In fact, research indicates that boys are in real trouble.

They receive lower grades than girls. Two-thirds of them have learning disabilities. Boys are the suspects in 8 out of 10 arrests for alcohol and drug charges. They are also responsible for more than 70 percent of juvenile crimes.

“You can’t go to a newsstand without seeing a steady stream of magazine articles questioning the role of males in today’s society,” says Dr. Kirk Walker, retired headmaster at McCallie School. “It is rare that you pick up a newspaper without reading of the problems males are experiencing and causing – and most of the articles concentrate on the problems facing adolescent males. Something is amiss and the national statistics are chilling.

“Six-year-old boys who kill do not have a relationship with strong adults who can rescue them. In most boys’ lives, human moments and interactions are gradually being replaced with electronic ones; the power of the human touch replaced by a touchpad. The values of honesty, integrity and responsibility are replaced with the values of popular culture. A culture dominated by fame, sex and violence.”

Tim McGraw’s hit song Grown Men Don’t Cry says, “I don’t know why they say grown men don’t cry.” Actually, there are a number of people questioning why our society teaches boys it is not okay to cry.

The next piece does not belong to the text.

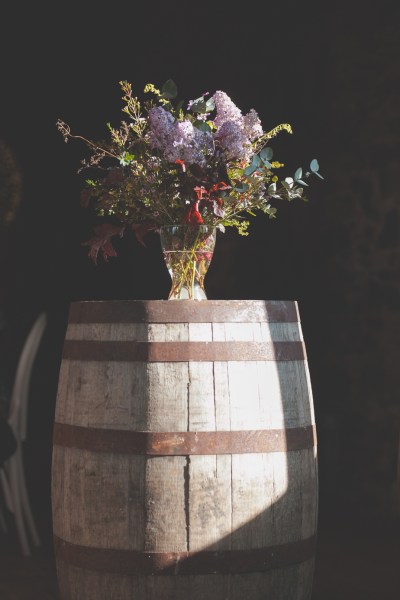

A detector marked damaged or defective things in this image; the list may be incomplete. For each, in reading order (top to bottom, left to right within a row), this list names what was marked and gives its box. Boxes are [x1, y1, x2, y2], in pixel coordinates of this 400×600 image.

Michael Thompson’s book, Raising Cain, stresses that it is critical for parents to give their boys permission to have a full range of human emotions – including permission to cry. Thompson believes that helping boys develop an emotional vocabulary helps them to better understand themselves and to communicate better with others. These skills will help them develop into well-rounded adults.

Dr. William Pollack, author of Real Boys, agrees with Thompson. He says that boys are beginning to question the double standard of masculinity. That double standard pushes boys and men to choose between being the kind of tough, competitive, unfeeling, uncommunicative man traditionally celebrated as “masculine” (the boy code) and being the kind of open, expressive, egalitarian man now heralded as ideal by much of contemporary society.

“If we don’t let our boys cry tears, they’ll cry bullets,” says Pollack.

“Depriving boys of the opportunity and encouragement to grow beyond the strict guidelines of the ‘boy code’ leaves many boys with an impoverished repertoire of emotions, a sense of shame at their weakness, sadness, anger and aggression,” Walker says. “Some have said that we are in an ‘anger epidemic.’ The boys feel fragile and respond to that feeling by hurting themselves and others.”

Walker believes that parents as well as the community-at-large play a critical role in the lives of boys.

Adolescent boys are not “guided missiles.” Instead, they’re “guidance-seeking” missiles. Boys need and want positive role models to help them define themselves.

If you want to help boys in the journey from boyhood to manhood, here’s what Thompson encourages:

  • Recognize and accept the high activity level of boys and give them safe places to express it.
  • Talk to boys in their language in a way that honors their pride and masculinity.
  • Be direct with them.
  • Let them solve problems and be consultants.
  • Teach boys that emotional courage is courage. Courage and empathy are the sources of real strength in life.
  • Use discipline to build character and conscience, not enemies.
  • Model a manhood of emotional attachment.
  • Teach boys there are many ways to be a man.

“It is our responsibility to break the stereotype of what the popular culture defines as a ‘real’ man,” Walker says. “It is our responsibility to help a boy learn to be ‘real’ and to be a man. And it is our responsibility to help a boy define his self-worth in ways that are worthwhile to his community and to himself.”